The plucky advert of Nando’s: “The chicken come home to roost …” is relevant to this posting by the “FW de Klerk Foundation”. Things are far from settled and we might be entering the next phase in our nations turbulent history. Their chief executive Dave Steward has written the following response to the outcomes of these out-drawn proceedings.
He writes: “The FW de Klerk Foundation has taken note of the decision of the ANC’s National Disciplinary Committee to suspend Julius Malema for breaching various provisions of the ANC’s constitution.
Mr Malema’s suspension should not surprise anyone. Nobody in any organisation can alienate so many powerful factions so abrasively for so long without paying a price.
Whatever Malema’s future may be the issues that he so aggressively articulates and the constituency that he claims to represent will not disappear.

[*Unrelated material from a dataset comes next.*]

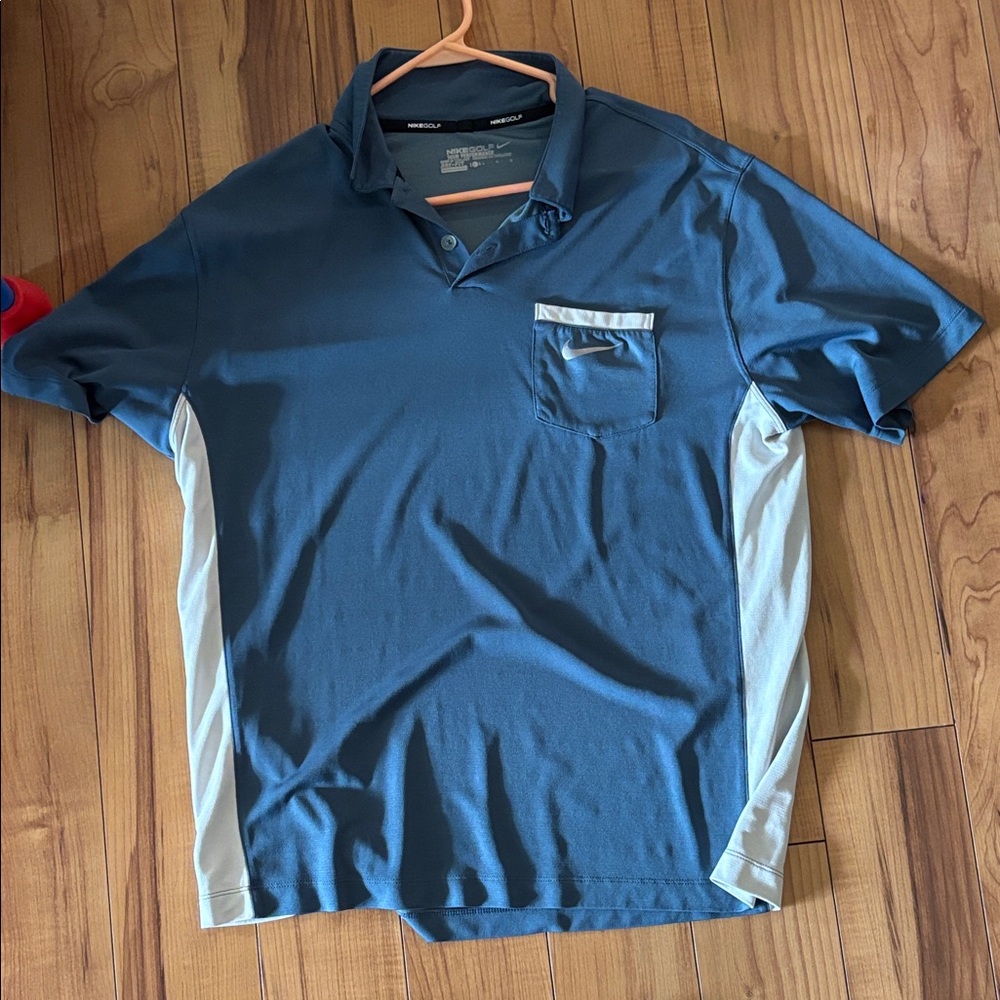 Nike Men's Blue and Gray Polo Shirt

One of the central challenges facing government – and indeed all South Africans – will be to restore some degree of hope to the millions of young – predominantly black – South Africans, whom Malema claims to represent. Our new society has failed them dismally: it has left most of them educationally crippled and 70% are unemployed.
All this makes them susceptible to the populist promises of demagogues. The nostrums that Malema prescribes are politically and economically illiterate but enormously appealing to these millions of young people subsisting on their siblings’ children’s allowances and their grannies’ pensions.

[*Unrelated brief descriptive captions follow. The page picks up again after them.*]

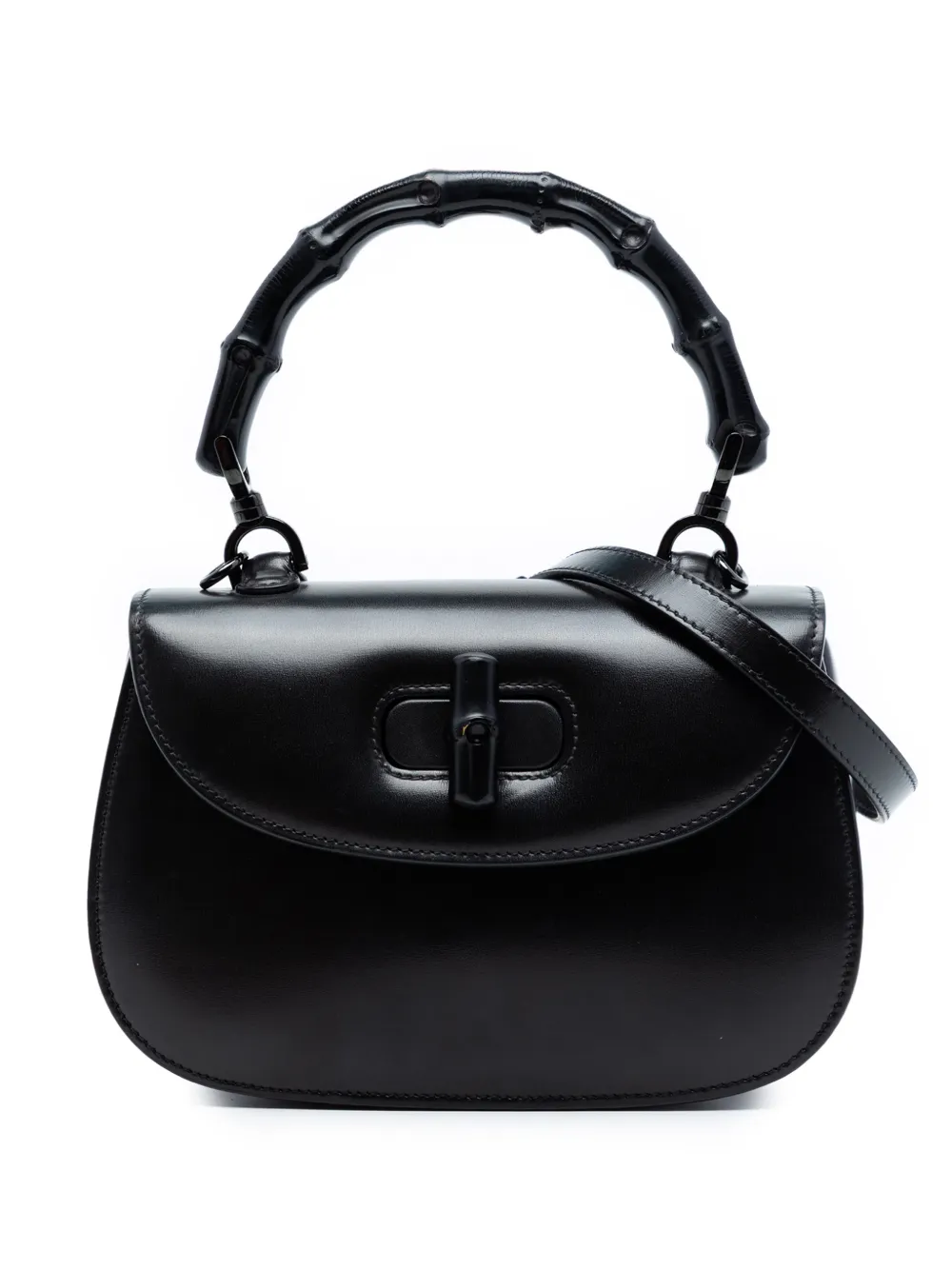 Gucci Pre-Owned 2016-2026 Small Calfskin 1947 Bamboo Top Handle Bag satchel - Nero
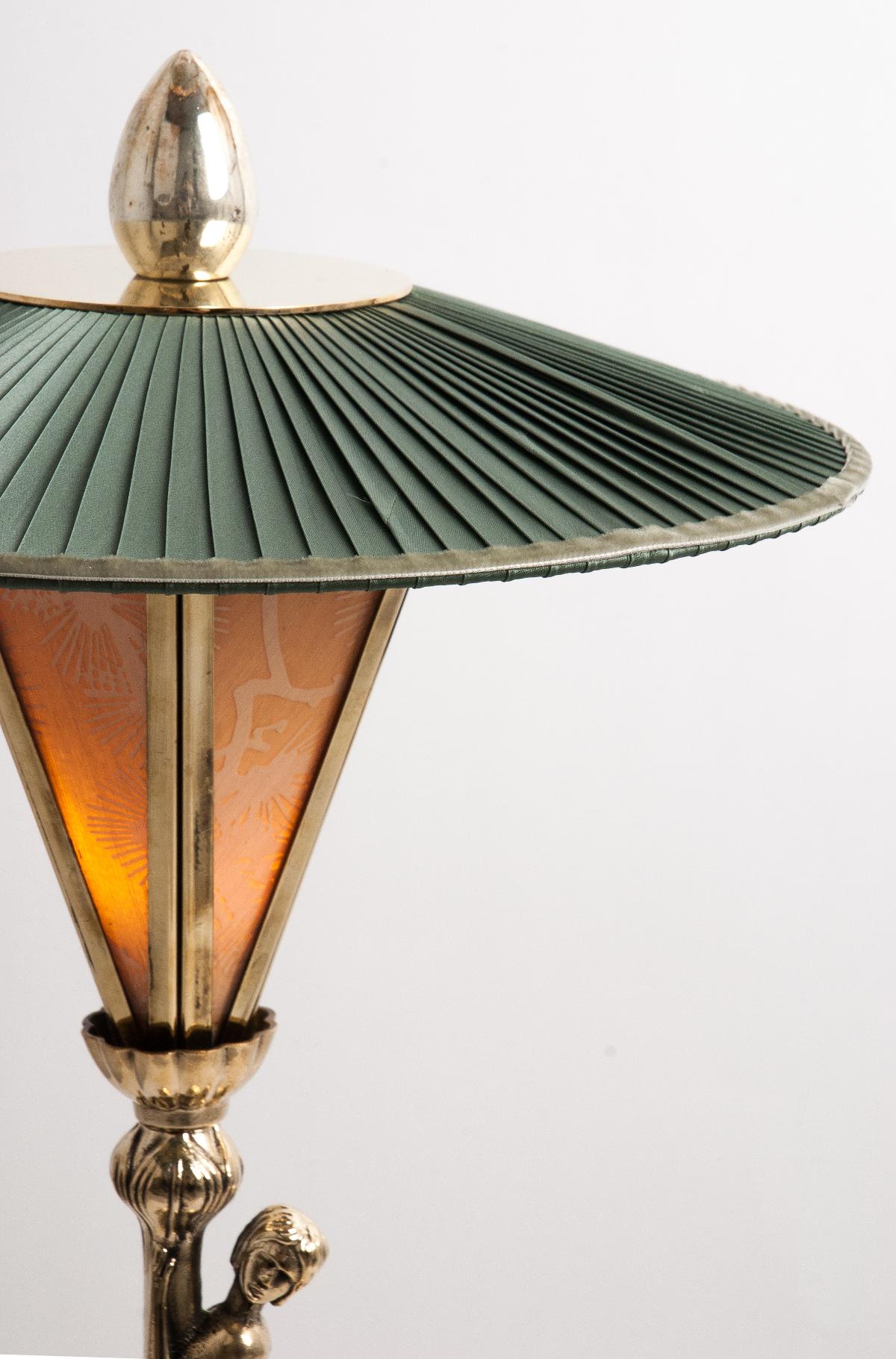 Japanned “Sunshine” Contemporary Table Lamp, Kyoto washi , Silk, cast melted Brass For Sale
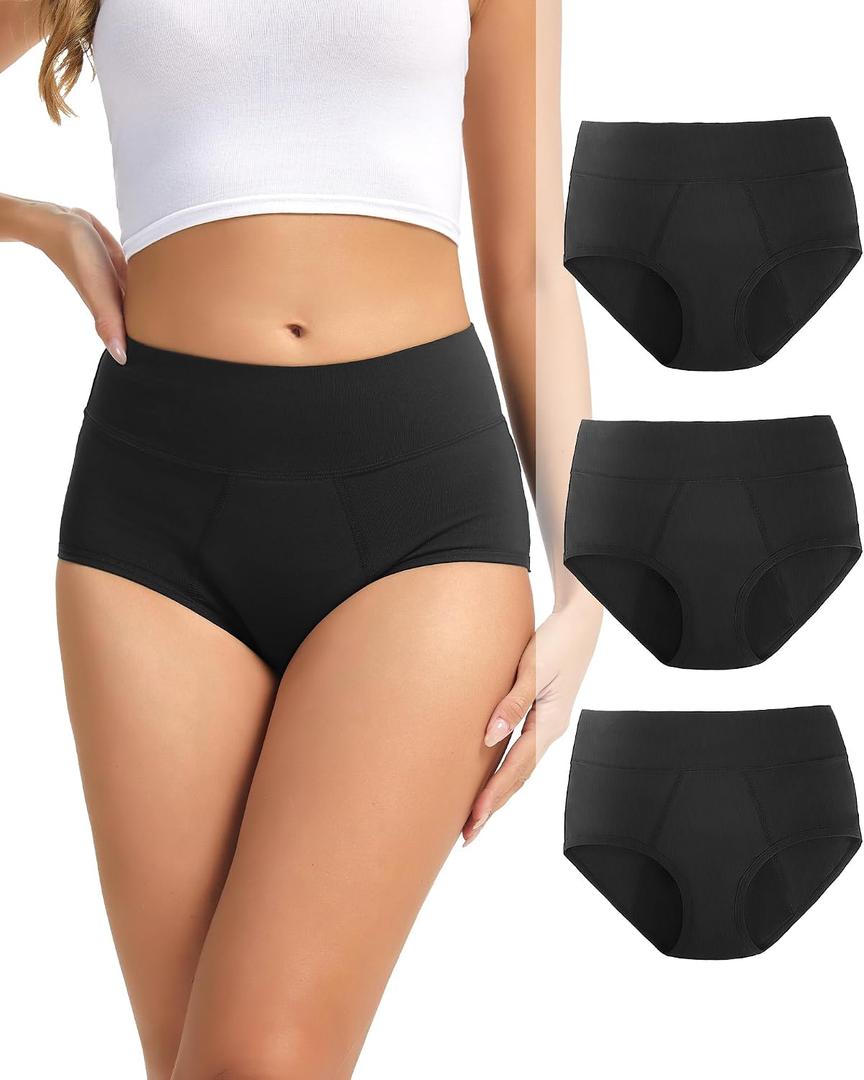 Period Underwear for Women Heavy Flow 60ml - High Waist Long Staple Combed Cotton Leak Proof Menstrual Panties 3 Pack (Black, S)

The message is also fundamentally racist: “Look at the whites, the way they live. They stole all this from us and we must take it back. We must take back the land; we must take the companies on the Johannesburg Stock Exchange; we must nationalize the mines – all without compensation.”
Perhaps the most disturbing aspect of Malema’s demise was the fact that he was not found guilty of sewing racial dissension. The charge arose from his statement at a rally in Galishewe earlier this year when he had said, in President Zuma’ presence, that whites are criminals who stole our land; that they should be treated as criminals and that their land should be seized without compensation.
He was cleared of the charge of fomenting racism, arising from this statement, because it was not proved on ” balance of probabilities”.
One wonders what aspect of Malema’s Galishewe statement was ambiguous and what probabilities led the ANC’s NDC to conclude that this was not blatant racism? What was the NDC saying about the ANC’ commitment to non-racialism and what message was it sending to white South Africans?